Acreedores principales y riesgo de impago
Las empresas generadoras de energía son las principales acreedoras, con un 68% de la deuda total, equivalente a $1,7 billones. Entre las más afectadas se encuentran Termobarranquilla, Termocandelaria y Termoflores, todas del sector termoeléctrico. Alejandro Castañeda, presidente de la Asociación Nacional de Empresas Generadoras de Energía (Andeg), calificó la propuesta de liquidación como "ilegal e irresponsable", ya que implicaría dejar sin servicio a los departamentos de Atlántico, Magdalena y La Guajira.

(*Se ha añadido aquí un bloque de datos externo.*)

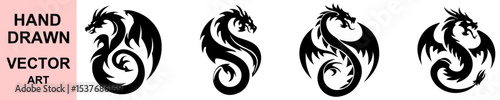 Hand drawn circular tribal dragon vector illustrations, fantasy coiled dragon tattoo design, legendary mythological creature silhouette for emblem, graphic logo, or print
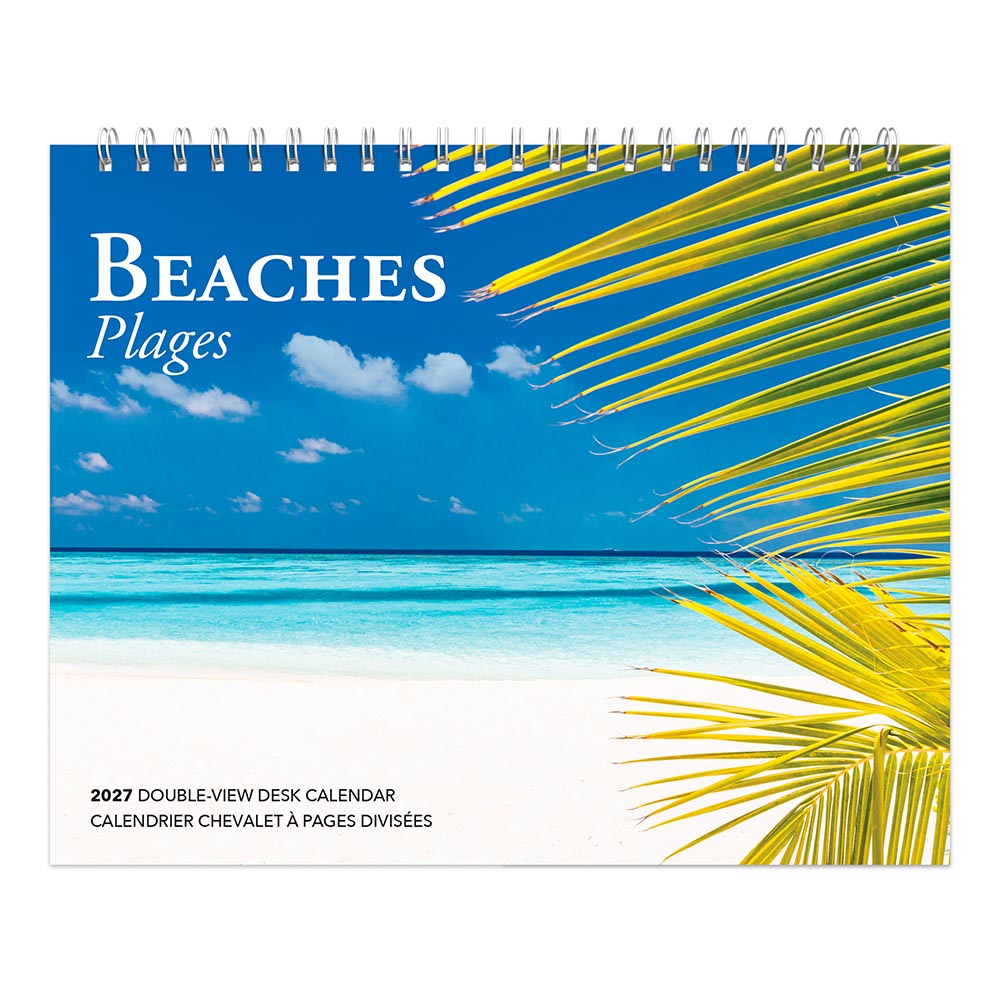 Beaches | 2027 7.5 x 6 Inch Monthly Double-View Easel Desk Calendar | English/French Bilingual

Castañeda explicó que si se emite una resolución de liquidación, Air-e no podría seguir prestando servicio, dejando a tres departamentos sin proveedor de energía. Además, señaló que transferir los activos a una nueva empresa sin saldar las deudas constituye un "desfalco a los acreedores" y una evasión de las obligaciones financieras.
Propuestas de los gremios del sector eléctrico
Los gremios han planteado soluciones de corto y largo plazo para evitar la crisis. En el corto plazo, proponen un acuerdo de pago creíble que no requiera recursos del Presupuesto General de la Nación de inmediato, sino un plan de pagos gradual. En el largo plazo, sugieren considerar las condiciones especiales de la región Caribe, como los altos índices de pobreza y las conexiones ilegales, para diseñar un modelo que garantice un servicio de calidad y reconozca la capacidad de pago de los estratos más bajos.
Preocupación de la Procuraduría
La Procuraduría General de la Nación también ha manifestado su inquietud por la falta de resultados estructurales que aseguren la viabilidad de Air-e. El ente de control requirió a la Superintendencia de Servicios Públicos Domiciliarios y a la agente interventora, Tania Patricia Peñaranda Zuleta, explicar los avances operacionales y financieros. Además, señaló que no existen estados financieros plenamente verificados ni informes de auditoría publicados, y preocupa el aumento sostenido del pasivo corporativo.